Al no considerarme alguien particularmente proclive al festejo de la muerte suelo aplaudir, cuando la ocasión lo requiere, aquellas palabras de Unamuno pronunciadas el 12 de octubre de 1936 en la Universidad de Salamanca, durante una ceremonia de la que por aquel entonces se llamaba Fiesta de la Raza. Un fascista, José Millán-Astray, gritó a voz en cuello “¡Mueran los intelectuales! ¡Viva la muerte!”, a lo que Unamuno replicó con un breve discurso que es demasiado largo para trasladar aquí, pero que terminaba con estas palabras: “Venceréis, pero no convenceréis. Venceréis porque tenéis sobrada fuerza bruta, pero no convenceréis porque convencer significa persuadir. Y para persuadir necesitáis algo que os falta en esta lucha, razón y derecho.” Aplauso.
Y sin embargo podría gritar ¡Viva la muerte en el cine! Y en la literatura. Porque amo algunas muertes.
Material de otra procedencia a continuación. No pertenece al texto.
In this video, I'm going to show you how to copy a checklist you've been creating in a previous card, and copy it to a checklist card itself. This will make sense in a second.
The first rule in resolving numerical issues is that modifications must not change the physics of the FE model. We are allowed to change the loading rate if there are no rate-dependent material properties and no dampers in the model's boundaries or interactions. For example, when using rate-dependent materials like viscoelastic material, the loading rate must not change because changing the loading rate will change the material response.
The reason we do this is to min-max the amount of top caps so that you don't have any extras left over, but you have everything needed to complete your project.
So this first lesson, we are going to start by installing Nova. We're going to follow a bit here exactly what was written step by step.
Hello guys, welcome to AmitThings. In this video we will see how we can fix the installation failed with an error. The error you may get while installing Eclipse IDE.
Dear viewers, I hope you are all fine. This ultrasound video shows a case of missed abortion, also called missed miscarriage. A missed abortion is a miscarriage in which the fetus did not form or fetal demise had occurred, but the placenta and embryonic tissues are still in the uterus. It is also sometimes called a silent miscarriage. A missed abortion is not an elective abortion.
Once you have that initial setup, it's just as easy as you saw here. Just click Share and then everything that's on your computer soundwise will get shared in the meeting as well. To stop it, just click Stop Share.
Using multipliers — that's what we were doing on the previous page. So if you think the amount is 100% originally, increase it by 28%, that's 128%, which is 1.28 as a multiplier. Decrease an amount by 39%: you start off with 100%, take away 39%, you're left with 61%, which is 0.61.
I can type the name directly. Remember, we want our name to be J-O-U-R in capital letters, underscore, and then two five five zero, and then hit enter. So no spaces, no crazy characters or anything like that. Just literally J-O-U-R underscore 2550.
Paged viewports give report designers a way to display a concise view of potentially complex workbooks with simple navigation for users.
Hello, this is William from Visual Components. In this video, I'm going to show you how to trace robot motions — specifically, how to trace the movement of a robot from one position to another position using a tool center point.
La de Humphrey Bogart en Horas desesperadas, arrastrándose sobre el jardín atravesado por las balas hasta la cámara, para desfallecer casi cuando estaba a punto de alcanzarla. La de Zbigniew Cybulski, el James Dean polaco, en Cenizas y diamantes, cuando luego de haber entregado su cuerpo pero no su alma a la mujer que ignoraba que amaba cumple con su misión, asesina y debe huir, pero en la huida es alcanzado por las balas y muere en un basural, abrazando los deshechos, su única compañía.
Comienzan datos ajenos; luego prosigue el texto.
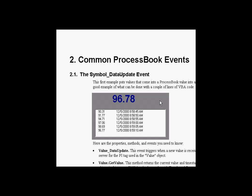I'd like to start with an example that shows one of the most powerful things about ProcessBook, and that is the data update event. This is a very simple example that allows us to trigger a script to go out and get values every time a new update event occurs to a PI value. Let's take a look at this in PI ProcessBook.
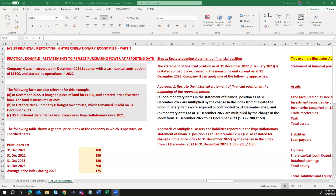The following table shows us a general price index of the economy in which company H operates on specified dates. The price index at 31st December 2021 was 100, which is the base. The price index for 31st December 2022 was 150. For 31st October 2023, when inventory was bought, it was 180. For 31st December 2023, the reporting date, it is 200. The average price index for the year is 175.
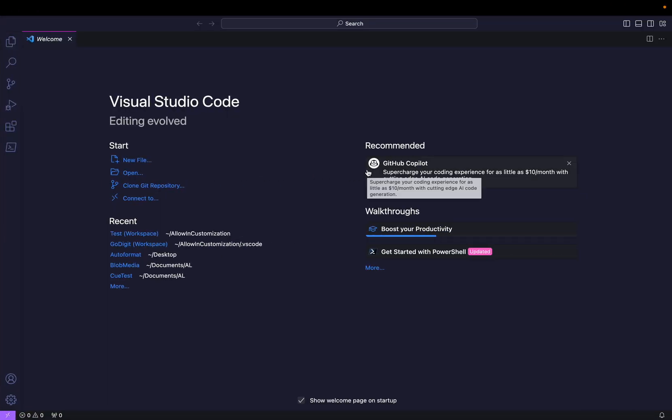Hello friends, welcome to my channel Go Digit. Today in this video we will learn about one of the concepts of VS Code called multi-root workspace, through which we will handle multiple projects of AL through one window and publish them to the Business Central environment via one command only.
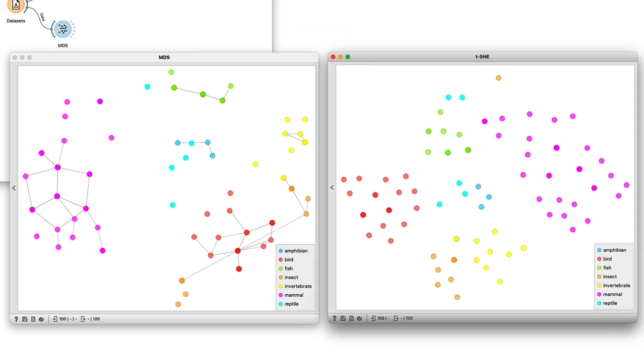You can see the difference isn't really staggering, but it does seem that t-SNE did a bit of a better job clustering the same types together.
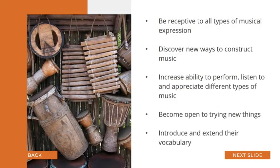Multicultural music education promotes a curriculum that includes songs, instrumental selections, and listening experiences from a wide variety of cultures. This multicultural approach also helps students to be receptive to all types of musical expression.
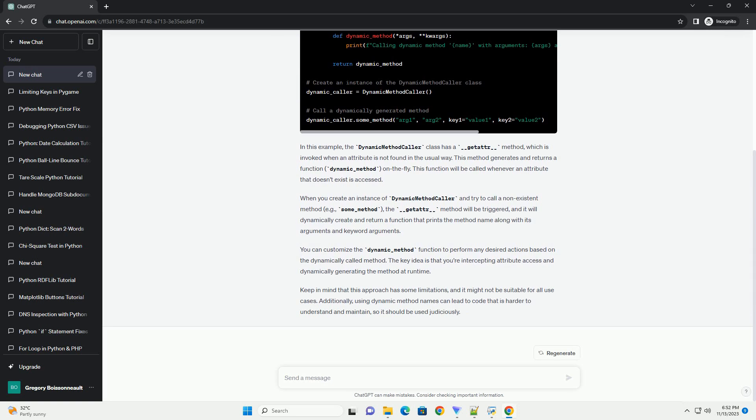This function will be called whenever an attribute that doesn't exist is accessed. When you create an instance of dynamic method caller and try to call a non-existent method, example some_method, the __getattr__ method will be triggered.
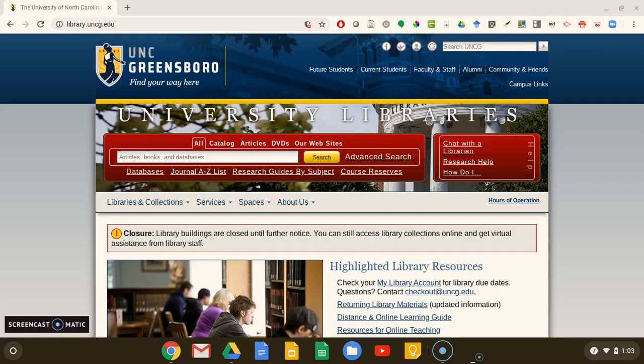Hi, my name is Maggie and I'm the librarian for UNCG's art history courses. Today we're going to start out by looking at our library website, library.uncg.edu.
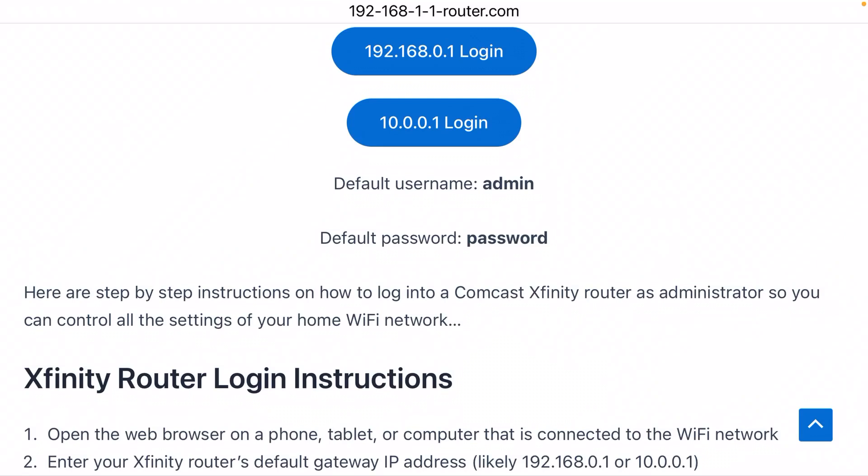Comcast customers can customize everything — they give you control of that. You just have to figure out how to log in to the router, and that requires the IP address and then just use these default login credentials.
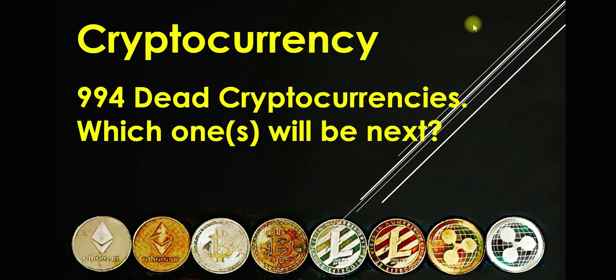Hi, how are you? I hope you are having a fantastic day. Today we're going to talk about cryptocurrency.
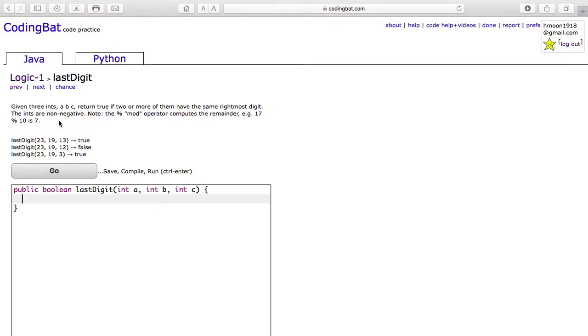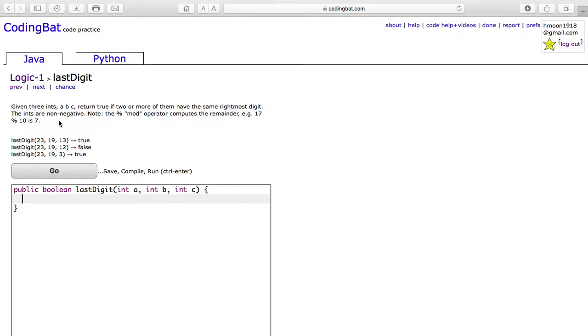Today, we will be doing the problem 'Last Digit' from Logic-1 on CodingBat. Given three ints A, B, C, return true if two or more of them have the same rightmost digit. The ints are non-negative.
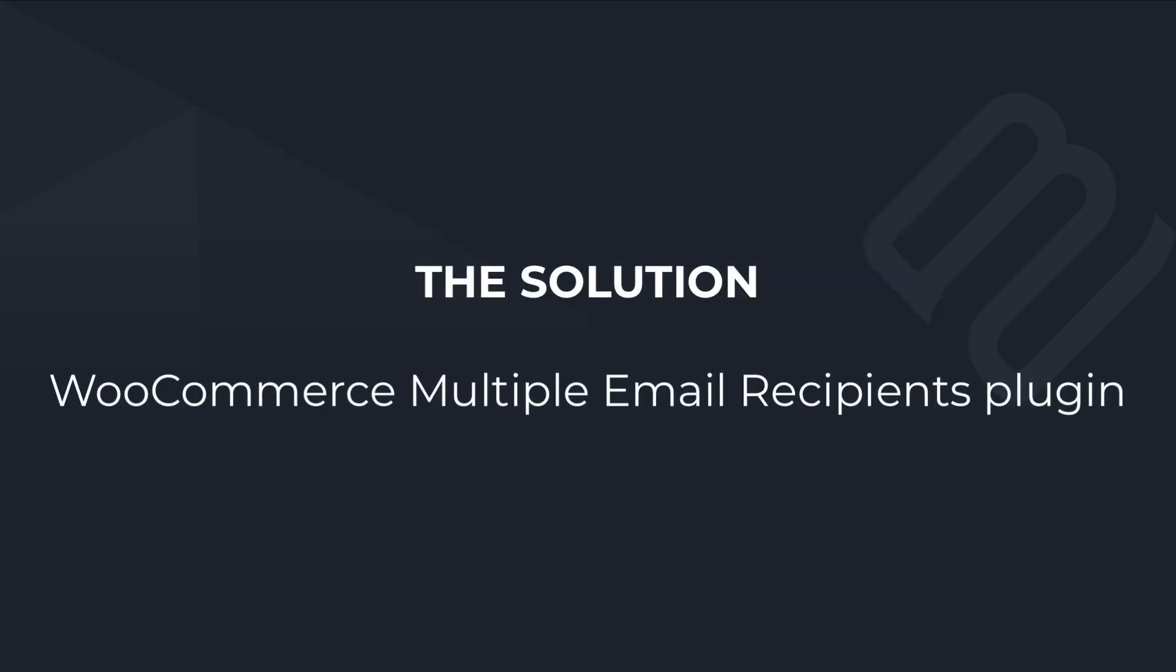I'll show you how you can automate all of this with the WooCommerce Multiple Email Recipients plugin. It improves user experience in your store by saving your customers time and it just takes a few minutes to set up, so you can add it to your store today.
En Todo para vender, la película con la que Andrzej Wajda despide y honra a Cybulski, un personaje, señalando las baldosas de un bar, dice: “Anoche, aquí mismo, nos mostró cómo moría en una película”. Y todos recordamos a Maciek pataleando en posición fetal como un niño caprichoso (a fin de cuentas comprendemos que solamente era eso, un niño caprichoso).
Entre los libros, naturalmente, salta el nombre de Jerzy Andrzejewski, pero la muerte de su Maciek no debe de ser tan espectacular si no la recuerdo. En cambio recuerdo perfectamente la muerte de Guillaume Thomas en Thomas el impostor, de Jean Cocteau. En realidad recuerdo más la lectura que de esa muerte hace Michel Subor en El soldadito de Godard. Bruno Forestier lee el final de Thomas el impostor apretujado en el asiento trasero de un auto, confundiendo fantasía y realidad (como Guillaume).
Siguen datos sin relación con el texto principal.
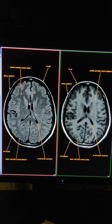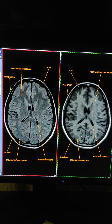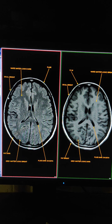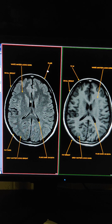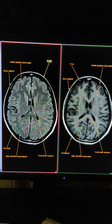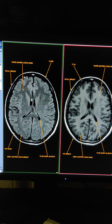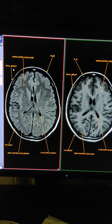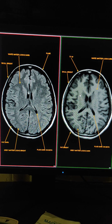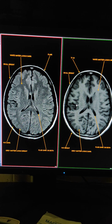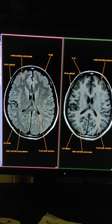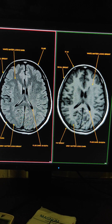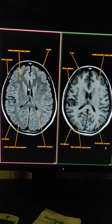First, I will show you the similarities between these two sequences. We can start from the skull. In FLAIR sequence, the skull is bright. In T1 weighted sequence, the skull is also bright. In FLAIR sequence, fluid is dark. In T1 weighted sequence, fluid is also dark.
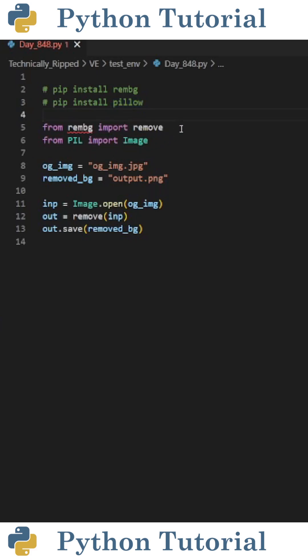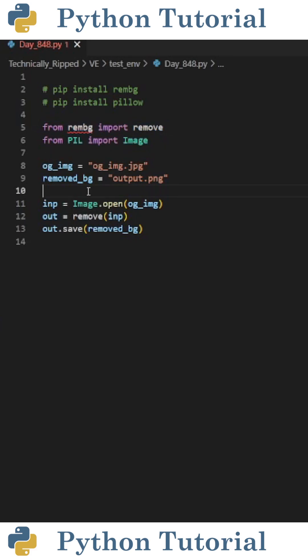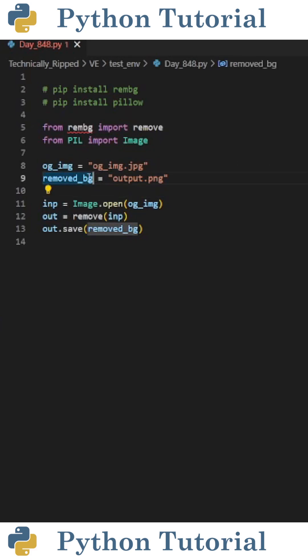Now to get started, we're going to import remove from rembg and import Image from PIL. The first variable we need is the file path for the original image, so I set og_img equal to that. Next, we need the output file path. I set that equal to removed_bg.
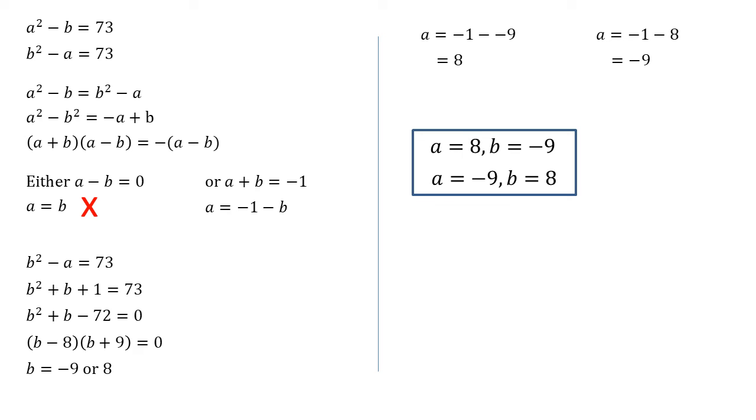Our two solutions are a equals eight, b equals minus nine, and the other way round, a equals minus nine, b equals eight.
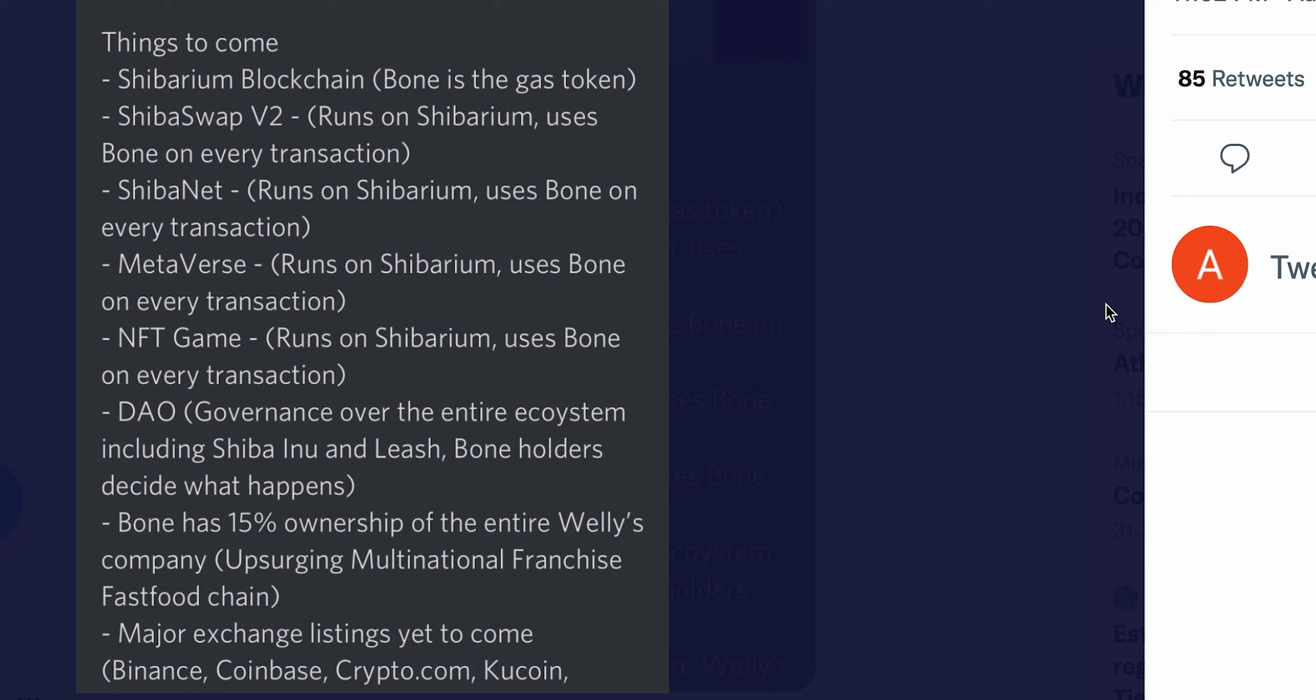And then another very, very important point that's going to come into reality very, very soon is the major exchange listings yet to come. So you've got Binance, Coinbase, Crypto.com, Kucoin - all this stuff is so, so important, ladies and gentlemen. You know, how much exposure they can give is absolutely insane, mind-boggling. I'm telling you, this is no joke. If it gets listed on one of these major exchanges, all the other ones are going to follow up. It's going to be a dominos effect.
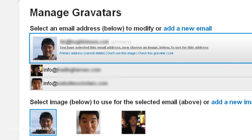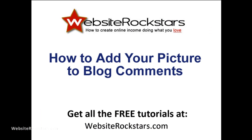You can also manage multiple email addresses. For myself, I have three of them. Every time I post a comment using one of these email addresses, it'll use the appropriate avatar. So that's how you do it — pretty simple. I didn't figure that out for a while myself, so I hope that helps. Thanks for watching.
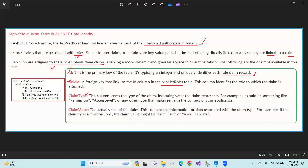Role claims allow permissions and access levels to be defined. Claim type can represent permissions like 'edit user'. Claim value stores the value for that claim type. Users who are assigned to a role inherit these claims, enabling a more dynamic approach to authorization. For example, an admin role can be mapped to specific role claims.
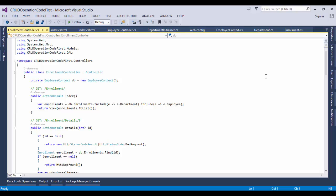Now we need to use the same scaffolding feature to create an Enrollment controller. So in this video we have seen how to create a CRUD operation with the Code First and Entity Framework 6 with using MVC 5. I hope you have enjoyed this video. Thank you.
La de Josef K. en El proceso. Su muerte es tan intolerable que Orson Welles decidió dejarle una esperanza de vida cuando la llevó al cine: nadie que termine de ver El proceso de Welles volverá a casa seguro de que Josef K. está muerto.
Pero tal vez no haya muerte más despiadada y triste que la del partisano Milton en la novela Una cuestión privada de Beppe Fenoglio, una muerte que tiene mucho en común con la de Maciek en Cenizas y diamantes, cuando la suerte no está del lado de quien quisiéramos pero lo que está en juego es el final, y en el final los héroes tienen que morir.
Los hermanos Paolo y Vittorio Taviani filmaron ese libro en 2017. Fue el último trabajo que hicieron juntos: Vittorio murió pocos meses después de la salida de la película. Todavía no encontré el valor para verla.
La muerte de Milton es tal vez la más triste jamás escrita. El final deja, como se dice, il fiato sospeso, el lector sigue esperando que suceda algo: la esperanza de que luego de la última frase el protagonista siga vivo y prosiga su desesperada búsqueda de la verdad. Una especie de metáfora de la vida, solo que no es metáfora y no es vida.